A doctor returns to his small Californian hometown to find that there's something not quite right going on with the other citizens.
As far as horror sub-genres go, I'm rather fond of the body-snatcher sub-genre mainly because it's so readily primed to deliver both immediate scares and simmering paranoia. The best films in this sub-genre are more than capable of delivering both and as an added bonus they get to play around with potentially rich themes and metaphorical concepts, though of course it's definitely up to the individual films and the people who make them to flesh them out properly. In that regard, I always wonder what to actually make of the original Invasion of the Body Snatchers if only because it's potentially the most iconic horror movie of the 1950s as it evokes many of the internal and external concerns that plagued a decade largely characterised in pop culture as a combination of both optimism and paranoia. The film (as ultimately released, anyway) begins with such a juxtaposition as a raving madman (Kevin McCarthy) relates his unbelievable story to a psychiatrist. It turns out that he is a doctor who had recently returned to his small Californian hometown, only to start hearing reports from some of the citizens that their loved ones are somehow...different. They're behaving the same and remembering all the same things, but things aren't quite right, and McCarthy eventually starts to notice as well...

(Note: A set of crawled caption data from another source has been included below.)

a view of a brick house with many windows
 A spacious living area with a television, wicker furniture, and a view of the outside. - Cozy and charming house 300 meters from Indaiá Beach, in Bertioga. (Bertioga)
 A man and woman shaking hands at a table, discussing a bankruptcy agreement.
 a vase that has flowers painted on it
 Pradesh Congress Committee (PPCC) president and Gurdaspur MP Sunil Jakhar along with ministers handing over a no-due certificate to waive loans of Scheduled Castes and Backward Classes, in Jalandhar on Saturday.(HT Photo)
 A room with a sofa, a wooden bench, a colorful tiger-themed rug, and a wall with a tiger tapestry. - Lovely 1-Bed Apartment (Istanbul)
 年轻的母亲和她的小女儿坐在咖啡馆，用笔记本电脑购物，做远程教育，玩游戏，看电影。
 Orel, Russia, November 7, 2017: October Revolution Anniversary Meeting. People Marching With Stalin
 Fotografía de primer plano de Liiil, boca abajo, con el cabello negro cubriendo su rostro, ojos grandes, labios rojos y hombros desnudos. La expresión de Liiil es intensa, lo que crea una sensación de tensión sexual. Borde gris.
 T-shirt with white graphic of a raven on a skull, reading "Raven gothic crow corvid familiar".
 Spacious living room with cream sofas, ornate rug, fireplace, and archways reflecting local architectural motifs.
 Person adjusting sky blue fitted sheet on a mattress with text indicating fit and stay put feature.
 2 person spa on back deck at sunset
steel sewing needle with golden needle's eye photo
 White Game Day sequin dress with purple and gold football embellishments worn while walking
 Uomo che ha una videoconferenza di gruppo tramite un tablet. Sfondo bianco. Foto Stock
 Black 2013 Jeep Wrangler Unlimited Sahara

Though you can definitely point and laugh at some of the exceptionally hokey moments on display here (I know I did when I first watched it many years ago), there's no denying the sheer effectiveness of the premise that more than carries the moments where the film's age catches up to it. The practical effects used to render the body-snatchers' plant-based life cycle are certainly solid and at least a little creepy-looking, but so much of what makes Invasion of the Body Snatchers a good horror is everything else about it. We're obviously on the lookout for anything remotely suspicious from the jump as children run away from parents and people go through their daily routines perhaps a little too routinely (or not, as in the case of a bustling restaurant suddenly becoming empty), and that's before things crank up a notch with the discovery of the pods that grow the replicas and how they work (and really, something about the idea of something killing and replacing you in your sleep is particularly unsettling, especially here where it's never shown on-screen and thus adds to the nightmarish quality of the scenario). Given the period and setting in which it takes place, one also sees a thinly-veiled metaphor for how America saw the encroaching threat of communist insurgency, though it is vague enough that the coldly unemotional antagonists could be interpreted as either representing said insurgents converting citizens to their ideology or (more incisively) rampant anti-communist hysteria going overboard in trying to eradicate any sense of individuality that contrasted with their extremely narrow idea of what America (and, by extension, the world) should be. I'd say the latter interpretation certainly goes a long way towards helping Invasion of the Body Snatchers hold up as well as it does, and while it's still got its flaws, it might well be the definitive 1950s horror movie regardless.